Das ist das Signal für Michael Knight alias David Hasselhoff, alles stehen- und liegenzulassen, die Frauen mit dem Haarspray der 1980er Jahre in der Frisur auf später zu vertrösten und ans Cockpit von "K.I.T.T." zu hechten. Denn Devon ist der Chef, es gibt neues Unrecht, das gesühnt sein will. Wenn eines der schwarzen Autos in Tailfingen heute diesen kurzen Satz ausspricht, dann vergisst sein Besitzer um ein Haar die Wirklichkeit und tut ein Gleiches.

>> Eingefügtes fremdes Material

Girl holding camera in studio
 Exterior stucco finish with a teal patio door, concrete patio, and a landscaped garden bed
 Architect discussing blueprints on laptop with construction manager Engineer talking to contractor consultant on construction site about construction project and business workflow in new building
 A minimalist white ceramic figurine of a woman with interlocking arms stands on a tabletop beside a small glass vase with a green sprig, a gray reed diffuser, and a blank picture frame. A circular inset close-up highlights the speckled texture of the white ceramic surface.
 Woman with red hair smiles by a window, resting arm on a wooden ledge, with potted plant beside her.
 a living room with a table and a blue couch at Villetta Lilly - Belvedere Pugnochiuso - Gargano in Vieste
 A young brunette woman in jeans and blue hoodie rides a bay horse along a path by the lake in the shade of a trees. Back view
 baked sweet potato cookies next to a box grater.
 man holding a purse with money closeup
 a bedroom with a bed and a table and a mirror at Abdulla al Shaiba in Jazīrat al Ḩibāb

Drinnen im Cockpit leuchtet es und blinkt es, es gibt Bildschirme, Schieber, Displays, bunte Knöpfe zuhauf. Und vielleicht noch etwas anderes: "Uns geht es nur ums Auto", sagt ein "Knight Rider". "Mit David Hasselhoff hat das alles nichts zu tun." Trotzdem kann es vorkommen, dass in einem solchen Cockpit auch eine CD liegt. Dass Hasselhoff vom Größenwahn besessen war, als er erklärte, der Fall der Berliner Mauer sei sein Verdienst, weiß David Höhm nur zu gut. Dennoch braust er doch auch einmal gerne über die Autobahn und hört sich in seinem "K.I.T.T." den einzigen Superhit an, den Hasselhoff je hatte: "Ive been looking for freedom." Eigentlich könnte er den Song auch über die Außenlautsprecher seines Wunderautos abspielen und die ganze Umgebung mit ihm beglücken. Aber: "So verrückt sind wir dann doch nicht."